The tests are now running fine on Mac OS X 10.5.6/Intel. I did have one failure on test050, but was unable to reproduce it after the first run...
jens
test050 fails. Often.
https://www.nbcs.rutgers.edu/~richton/test050failures.tar.gz contains 12 bad testrun directories. If it was an assert() or SEGV, I should have core for a backtrace. I don't know if generating all of them ahead of time would be considered useless spam. Ehh...then again, it's probably not readily apparent from a testrun directory if it was a SEGV or not. I'll see what I can put together; in the interim, if there's a particular run that looks particularly interesting, let me know the timestamp (from the directory name) and I can get that trace out.
On Wed, 11 Mar 2009, Aaron Richton wrote:
https://www.nbcs.rutgers.edu/~richton/test050failures.tar.gz contains 12 bad
See also https://www.nbcs.rutgers.edu/~richton/test050backtraces.tar.gz; match to testrun directories by timestamp. There are six that I focused on that have both testrun AND core available.
Oh yeah, I compile with CHECK_CSN. Where there's smoke...
big picture:
==> backtrace.2009030049 <== two cores slapd #1:
t@8 (l@8) terminated by signal SEGV (no mapping at the fault address) 0xff2c8038: memchr+0x0010: ldub [%o0], %o0 Current function is slap_parse_csn_sid 129 p = ber_bvchr( &csn, '#' );
slapd #2:
t@3 (l@3) terminated by signal ABRT (Abort) 0xff31feb0: __lwp_kill+0x0008: bgeu,a __lwp_kill+0x1c ! 0xff31fec4 Current function is connection_state_closing 686 assert( c->c_struct_state == SLAP_C_USED );
==> backtrace.2009030126 <== t@4 (l@4) terminated by signal ABRT (Abort) 0xff31feb0: __lwp_kill+0x0008: bgeu,a __lwp_kill+0x1c ! 0xff31fec4 Current function is ldap_get_option 111 assert( LDAP_VALID( ld ) );
==> backtrace.2009030140 <== t@6 (l@6) terminated by signal SEGV (no mapping at the fault address) 0xff2b467c: strlen+0x0080: ld [%o1], %o2 Current function is lutil_debug 66 vsnprintf( buffer, sizeof(buffer), fmt, vl );
==> backtrace.2009030219 <== t@4 (l@4) terminated by signal ABRT (Abort) 0xff31feb0: __lwp_kill+0x0008: bgeu,a __lwp_kill+0x1c ! 0xff31fec4 Current function is ldap_get_option 111 assert( LDAP_VALID( ld ) );
==> backtrace.2009030221 <== t@7 (l@7) terminated by signal ABRT (Abort) 0xff31feb0: __lwp_kill+0x0008: bgeu,a __lwp_kill+0x1c ! 0xff31fec4 Current function is ldap_pvt_runqueue_resched 165 assert ( e == entry );
==> backtrace.2009031933 <== t@8 (l@8) terminated by signal ABRT (Abort) 0xff31feb0: __lwp_kill+0x0008: bgeu,a __lwp_kill+0x1c ! 0xff31fec4 Current function is syncrepl_updateCookie 3018 assert( !syn->ssyn_validate( syn, si->si_cookieState->cs_vals+i ));
--On Wednesday, March 11, 2009 11:04 AM -0400 Aaron Richton richton@nbcs.rutgers.edu wrote:
On Wed, 11 Mar 2009, Aaron Richton wrote:
https://www.nbcs.rutgers.edu/~richton/test050failures.tar.gz contains 12 bad
See also https://www.nbcs.rutgers.edu/~richton/test050backtraces.tar.gz; match to testrun directories by timestamp. There are six that I focused on that have both testrun AND core available.

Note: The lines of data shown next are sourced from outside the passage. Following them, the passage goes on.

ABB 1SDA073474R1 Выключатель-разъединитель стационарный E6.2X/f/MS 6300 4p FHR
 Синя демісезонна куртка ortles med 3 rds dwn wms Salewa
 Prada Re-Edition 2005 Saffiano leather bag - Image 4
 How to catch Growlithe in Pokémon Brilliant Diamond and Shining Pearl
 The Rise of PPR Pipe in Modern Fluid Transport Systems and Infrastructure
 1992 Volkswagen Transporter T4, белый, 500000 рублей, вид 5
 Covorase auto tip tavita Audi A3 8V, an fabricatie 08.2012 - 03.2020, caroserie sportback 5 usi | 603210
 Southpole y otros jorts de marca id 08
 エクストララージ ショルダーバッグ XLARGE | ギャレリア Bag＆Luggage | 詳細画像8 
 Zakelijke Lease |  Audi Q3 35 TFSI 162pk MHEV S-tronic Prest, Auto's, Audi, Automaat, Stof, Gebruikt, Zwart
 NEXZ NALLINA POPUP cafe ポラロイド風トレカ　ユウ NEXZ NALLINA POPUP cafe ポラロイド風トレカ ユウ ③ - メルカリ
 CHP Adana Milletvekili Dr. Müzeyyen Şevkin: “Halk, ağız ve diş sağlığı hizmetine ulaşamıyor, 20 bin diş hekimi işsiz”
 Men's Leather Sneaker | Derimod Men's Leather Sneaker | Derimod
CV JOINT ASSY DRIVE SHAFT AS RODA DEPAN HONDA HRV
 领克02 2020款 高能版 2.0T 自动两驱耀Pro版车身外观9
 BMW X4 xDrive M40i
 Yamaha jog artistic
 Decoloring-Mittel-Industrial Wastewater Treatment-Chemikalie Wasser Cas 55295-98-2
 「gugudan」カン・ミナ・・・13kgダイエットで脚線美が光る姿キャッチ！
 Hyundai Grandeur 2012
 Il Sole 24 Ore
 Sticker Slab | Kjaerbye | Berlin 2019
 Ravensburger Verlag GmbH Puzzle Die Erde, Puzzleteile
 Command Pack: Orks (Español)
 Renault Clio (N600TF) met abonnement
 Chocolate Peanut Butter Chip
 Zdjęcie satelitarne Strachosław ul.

Excellent! I had it core one time under linux, but haven't been able to reproduce it. See ITS#6011. So I think with your backtraces we'll be able to track it down.
Also, test050 fails around 1/60 times with 2 masters being out of sync with the other two, so MMR is fairly well busted right now.
--Quanah
--
Quanah Gibson-Mount Principal Software Engineer Zimbra, Inc -------------------- Zimbra :: the leader in open source messaging and collaboration
Aaron Richton wrote:
test050 fails. Often.
https://www.nbcs.rutgers.edu/~richton/test050failures.tar.gz contains 12 bad testrun directories. If it was an assert() or SEGV, I should have core for a backtrace. I don't know if generating all of them ahead of time would be considered useless spam. Ehh...then again, it's probably not readily apparent from a testrun directory if it was a SEGV or not. I'll see what I can put together; in the interim, if there's a particular run that looks particularly interesting, let me know the timestamp (from the directory name) and I can get that trace out.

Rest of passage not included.